El tiempo pascual nos regala conocer y profundizar en nuestra dignidad
de cristianos. Y sobre todo en el voltaje de nuestra intimidad con el Señor.
El mismo día de su Resurrección, Jesús nos proclamó sus hermanos, sus
familiares. Así nos lo dijo, cuando envió a La Magdalena a anunciar a los
apóstoles: “ve a mis hermanos y diles”. ¡Somos familiares de Jesús,
consanguíneos de Dios!
Y en el evangelio de hoy, Jesús nos admite en su cercanía e intimidad.
Ya no somos solo discípulos de Jesús ni siervos de Dios, ¡somos amigos de
Jesús!
Por nuestro corazón corre la sangre de Jesús, que es su misma vida. Y
nuestros oídos de amigo escuchan los secretos del corazón de Dios. Por todo
esto, es lógico que demos gracias siempre, que cada uno proclame con acción de
gracias sus sentimientos y su fe en Dios ante todos.
No puedo vivir una vida corriente como la de cualquiera.
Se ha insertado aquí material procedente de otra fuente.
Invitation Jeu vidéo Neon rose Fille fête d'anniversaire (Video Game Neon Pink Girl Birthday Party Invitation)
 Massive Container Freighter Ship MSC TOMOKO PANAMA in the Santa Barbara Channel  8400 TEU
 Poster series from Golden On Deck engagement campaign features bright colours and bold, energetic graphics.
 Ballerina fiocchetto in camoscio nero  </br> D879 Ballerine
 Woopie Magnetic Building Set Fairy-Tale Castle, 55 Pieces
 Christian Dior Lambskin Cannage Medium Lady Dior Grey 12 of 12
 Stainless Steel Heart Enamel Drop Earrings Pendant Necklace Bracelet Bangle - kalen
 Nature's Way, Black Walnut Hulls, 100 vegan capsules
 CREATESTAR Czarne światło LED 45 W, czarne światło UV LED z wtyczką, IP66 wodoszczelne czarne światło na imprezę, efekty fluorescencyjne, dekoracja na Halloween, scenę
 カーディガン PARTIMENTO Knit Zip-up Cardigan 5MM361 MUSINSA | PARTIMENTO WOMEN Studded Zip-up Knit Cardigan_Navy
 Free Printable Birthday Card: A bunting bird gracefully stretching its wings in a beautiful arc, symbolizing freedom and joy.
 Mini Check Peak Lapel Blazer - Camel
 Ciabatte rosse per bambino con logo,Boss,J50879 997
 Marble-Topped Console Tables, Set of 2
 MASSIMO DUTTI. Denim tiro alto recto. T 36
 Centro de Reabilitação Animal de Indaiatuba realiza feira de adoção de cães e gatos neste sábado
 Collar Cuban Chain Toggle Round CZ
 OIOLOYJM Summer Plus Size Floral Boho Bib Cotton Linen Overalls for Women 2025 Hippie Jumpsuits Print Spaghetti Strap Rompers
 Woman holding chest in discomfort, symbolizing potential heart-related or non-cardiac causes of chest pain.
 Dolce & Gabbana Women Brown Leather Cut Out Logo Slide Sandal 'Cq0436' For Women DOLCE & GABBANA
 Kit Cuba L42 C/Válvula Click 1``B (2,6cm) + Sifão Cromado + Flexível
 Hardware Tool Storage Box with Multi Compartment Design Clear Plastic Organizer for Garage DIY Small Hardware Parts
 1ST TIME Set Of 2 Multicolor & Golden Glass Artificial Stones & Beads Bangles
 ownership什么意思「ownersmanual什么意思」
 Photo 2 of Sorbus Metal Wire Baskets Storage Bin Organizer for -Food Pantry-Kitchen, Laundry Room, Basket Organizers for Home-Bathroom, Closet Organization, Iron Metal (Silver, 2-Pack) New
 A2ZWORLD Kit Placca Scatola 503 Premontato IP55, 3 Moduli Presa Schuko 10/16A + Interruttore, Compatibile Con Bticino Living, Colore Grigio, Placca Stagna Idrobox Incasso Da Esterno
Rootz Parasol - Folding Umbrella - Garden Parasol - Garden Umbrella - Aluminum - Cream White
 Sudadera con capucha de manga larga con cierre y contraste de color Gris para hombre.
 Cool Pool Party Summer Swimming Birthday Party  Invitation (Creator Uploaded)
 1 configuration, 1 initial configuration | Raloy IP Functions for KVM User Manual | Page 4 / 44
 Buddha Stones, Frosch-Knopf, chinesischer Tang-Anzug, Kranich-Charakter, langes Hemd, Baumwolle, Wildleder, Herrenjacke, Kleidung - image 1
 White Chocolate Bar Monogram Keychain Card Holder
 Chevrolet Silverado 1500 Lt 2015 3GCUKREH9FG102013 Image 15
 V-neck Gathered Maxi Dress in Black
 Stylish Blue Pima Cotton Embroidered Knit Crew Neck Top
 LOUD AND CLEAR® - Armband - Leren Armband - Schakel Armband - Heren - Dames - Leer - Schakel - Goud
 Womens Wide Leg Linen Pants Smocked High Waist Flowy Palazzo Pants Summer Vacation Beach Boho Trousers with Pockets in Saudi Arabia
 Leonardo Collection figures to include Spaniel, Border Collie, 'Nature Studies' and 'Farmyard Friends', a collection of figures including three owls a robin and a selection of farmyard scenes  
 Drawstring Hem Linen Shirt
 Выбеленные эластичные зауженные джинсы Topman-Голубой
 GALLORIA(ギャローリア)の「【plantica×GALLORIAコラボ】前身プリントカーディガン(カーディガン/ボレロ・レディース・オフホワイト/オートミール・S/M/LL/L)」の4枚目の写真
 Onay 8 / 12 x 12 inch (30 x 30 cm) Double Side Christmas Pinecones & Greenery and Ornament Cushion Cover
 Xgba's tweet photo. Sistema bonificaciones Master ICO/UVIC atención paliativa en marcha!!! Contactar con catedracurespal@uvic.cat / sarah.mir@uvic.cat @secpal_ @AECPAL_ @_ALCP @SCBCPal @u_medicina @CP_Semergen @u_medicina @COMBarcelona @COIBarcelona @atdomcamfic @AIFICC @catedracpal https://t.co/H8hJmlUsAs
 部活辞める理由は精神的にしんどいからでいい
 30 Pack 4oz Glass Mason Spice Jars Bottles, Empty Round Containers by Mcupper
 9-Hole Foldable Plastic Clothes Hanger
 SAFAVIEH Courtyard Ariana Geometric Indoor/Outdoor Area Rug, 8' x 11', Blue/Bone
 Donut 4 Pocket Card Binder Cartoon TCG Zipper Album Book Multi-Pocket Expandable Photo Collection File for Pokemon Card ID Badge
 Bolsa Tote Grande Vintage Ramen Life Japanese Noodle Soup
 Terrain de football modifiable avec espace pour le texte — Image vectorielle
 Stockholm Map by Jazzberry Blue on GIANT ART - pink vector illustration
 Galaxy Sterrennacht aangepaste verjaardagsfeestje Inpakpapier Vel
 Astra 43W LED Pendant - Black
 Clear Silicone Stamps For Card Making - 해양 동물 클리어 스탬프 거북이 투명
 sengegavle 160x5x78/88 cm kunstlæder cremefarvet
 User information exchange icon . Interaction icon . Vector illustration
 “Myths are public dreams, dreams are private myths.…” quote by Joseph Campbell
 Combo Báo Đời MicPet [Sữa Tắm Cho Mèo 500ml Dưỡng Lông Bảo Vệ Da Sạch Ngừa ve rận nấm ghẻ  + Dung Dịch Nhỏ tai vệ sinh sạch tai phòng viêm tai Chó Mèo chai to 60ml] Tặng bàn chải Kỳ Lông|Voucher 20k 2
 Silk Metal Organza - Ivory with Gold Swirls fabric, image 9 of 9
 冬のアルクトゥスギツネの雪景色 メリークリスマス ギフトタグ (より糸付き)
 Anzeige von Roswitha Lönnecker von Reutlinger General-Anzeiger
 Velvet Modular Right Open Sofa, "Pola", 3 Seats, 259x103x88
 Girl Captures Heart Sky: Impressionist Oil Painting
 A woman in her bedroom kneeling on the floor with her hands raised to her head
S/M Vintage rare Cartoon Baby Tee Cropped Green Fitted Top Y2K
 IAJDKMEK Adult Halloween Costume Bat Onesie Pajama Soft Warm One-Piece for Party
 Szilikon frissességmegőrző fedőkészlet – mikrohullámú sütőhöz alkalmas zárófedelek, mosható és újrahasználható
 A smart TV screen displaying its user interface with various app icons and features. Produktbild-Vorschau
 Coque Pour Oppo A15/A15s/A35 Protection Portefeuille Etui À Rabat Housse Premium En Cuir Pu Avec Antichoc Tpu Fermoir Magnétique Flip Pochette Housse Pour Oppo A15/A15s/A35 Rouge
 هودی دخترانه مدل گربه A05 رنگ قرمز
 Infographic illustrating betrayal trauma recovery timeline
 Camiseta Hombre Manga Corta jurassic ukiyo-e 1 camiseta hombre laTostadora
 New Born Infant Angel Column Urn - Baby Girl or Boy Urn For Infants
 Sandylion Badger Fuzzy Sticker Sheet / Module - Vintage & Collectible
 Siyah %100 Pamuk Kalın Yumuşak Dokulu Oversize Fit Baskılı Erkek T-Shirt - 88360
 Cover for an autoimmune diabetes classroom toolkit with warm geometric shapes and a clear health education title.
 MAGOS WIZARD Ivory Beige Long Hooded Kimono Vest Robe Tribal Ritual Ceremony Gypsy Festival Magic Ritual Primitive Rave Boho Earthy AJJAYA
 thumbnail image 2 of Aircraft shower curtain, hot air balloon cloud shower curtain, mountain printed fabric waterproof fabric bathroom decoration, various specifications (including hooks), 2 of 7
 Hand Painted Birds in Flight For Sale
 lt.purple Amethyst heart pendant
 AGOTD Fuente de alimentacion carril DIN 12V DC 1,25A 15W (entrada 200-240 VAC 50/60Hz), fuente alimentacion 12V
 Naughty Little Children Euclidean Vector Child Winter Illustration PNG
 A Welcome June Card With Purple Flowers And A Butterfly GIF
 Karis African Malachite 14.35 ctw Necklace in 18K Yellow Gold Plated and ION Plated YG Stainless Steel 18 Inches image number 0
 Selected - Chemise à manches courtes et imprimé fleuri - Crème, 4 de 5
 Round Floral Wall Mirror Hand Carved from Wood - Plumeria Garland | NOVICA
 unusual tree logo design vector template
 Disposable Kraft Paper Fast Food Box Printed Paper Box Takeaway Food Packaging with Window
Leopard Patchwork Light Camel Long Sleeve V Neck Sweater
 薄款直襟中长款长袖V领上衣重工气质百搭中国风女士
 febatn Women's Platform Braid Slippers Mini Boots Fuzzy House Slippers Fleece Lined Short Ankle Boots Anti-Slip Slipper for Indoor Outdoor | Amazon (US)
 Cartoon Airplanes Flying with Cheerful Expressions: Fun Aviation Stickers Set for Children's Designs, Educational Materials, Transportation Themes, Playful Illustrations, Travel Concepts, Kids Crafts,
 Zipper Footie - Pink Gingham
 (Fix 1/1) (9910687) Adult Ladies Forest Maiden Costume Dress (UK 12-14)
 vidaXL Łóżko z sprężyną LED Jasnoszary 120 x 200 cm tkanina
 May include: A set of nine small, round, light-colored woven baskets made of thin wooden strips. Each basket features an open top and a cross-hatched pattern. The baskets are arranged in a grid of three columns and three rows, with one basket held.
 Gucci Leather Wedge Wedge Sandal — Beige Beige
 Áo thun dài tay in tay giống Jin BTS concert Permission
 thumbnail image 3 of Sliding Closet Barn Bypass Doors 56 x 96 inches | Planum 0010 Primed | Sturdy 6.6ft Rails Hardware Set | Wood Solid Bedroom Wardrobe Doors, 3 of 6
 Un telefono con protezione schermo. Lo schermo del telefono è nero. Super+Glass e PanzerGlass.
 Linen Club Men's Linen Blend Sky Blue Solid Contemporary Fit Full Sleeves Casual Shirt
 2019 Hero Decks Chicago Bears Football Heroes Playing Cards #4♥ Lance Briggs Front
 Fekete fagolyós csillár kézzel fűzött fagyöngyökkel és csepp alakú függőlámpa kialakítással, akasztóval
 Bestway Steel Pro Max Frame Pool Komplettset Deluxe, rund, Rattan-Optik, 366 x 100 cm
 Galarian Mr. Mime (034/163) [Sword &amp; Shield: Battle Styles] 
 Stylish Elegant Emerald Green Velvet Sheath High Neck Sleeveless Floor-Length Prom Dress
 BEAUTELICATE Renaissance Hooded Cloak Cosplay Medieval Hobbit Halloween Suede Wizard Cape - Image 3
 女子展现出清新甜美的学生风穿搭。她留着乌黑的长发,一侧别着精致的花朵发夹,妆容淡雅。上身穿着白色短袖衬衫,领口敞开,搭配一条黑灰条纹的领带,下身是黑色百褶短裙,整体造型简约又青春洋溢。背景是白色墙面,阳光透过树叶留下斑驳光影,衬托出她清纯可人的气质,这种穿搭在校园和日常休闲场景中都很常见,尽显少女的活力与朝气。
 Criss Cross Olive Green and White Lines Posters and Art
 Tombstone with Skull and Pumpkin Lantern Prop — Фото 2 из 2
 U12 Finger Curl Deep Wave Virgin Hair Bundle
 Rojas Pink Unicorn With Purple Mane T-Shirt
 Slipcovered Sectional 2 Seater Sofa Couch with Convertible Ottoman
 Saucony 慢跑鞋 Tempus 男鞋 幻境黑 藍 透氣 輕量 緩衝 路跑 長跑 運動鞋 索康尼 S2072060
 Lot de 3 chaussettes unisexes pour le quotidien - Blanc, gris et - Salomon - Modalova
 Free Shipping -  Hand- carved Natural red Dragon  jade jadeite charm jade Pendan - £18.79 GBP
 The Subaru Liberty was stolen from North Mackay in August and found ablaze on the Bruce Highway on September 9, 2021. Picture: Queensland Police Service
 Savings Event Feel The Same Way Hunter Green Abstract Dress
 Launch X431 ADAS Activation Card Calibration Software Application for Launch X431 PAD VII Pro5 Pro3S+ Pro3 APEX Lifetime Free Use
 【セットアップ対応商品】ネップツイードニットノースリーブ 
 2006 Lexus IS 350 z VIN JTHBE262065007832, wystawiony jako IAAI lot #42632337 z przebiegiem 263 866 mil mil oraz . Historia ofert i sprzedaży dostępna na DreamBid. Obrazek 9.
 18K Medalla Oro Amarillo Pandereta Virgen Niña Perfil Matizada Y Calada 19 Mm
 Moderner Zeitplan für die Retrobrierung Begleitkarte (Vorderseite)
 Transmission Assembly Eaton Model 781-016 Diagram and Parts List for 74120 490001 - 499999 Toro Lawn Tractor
Mi corazón está
llamado, seducido a amar con un grado de amor inmenso, divino, y no puedo, por
tanto, amar como un cualquiera. Quiero hacer de mi vida entera una entrega al
nombre de Jesús, mi Señor. Y vivir el estilo de vida de un redimido por el
nombre de Jesús.
¡Virgen María, concédeme tus sentimientos en la Anunciación!
Que como ella, María, sienta la caricia del amor de Dios, para hacer de mi vida una misión.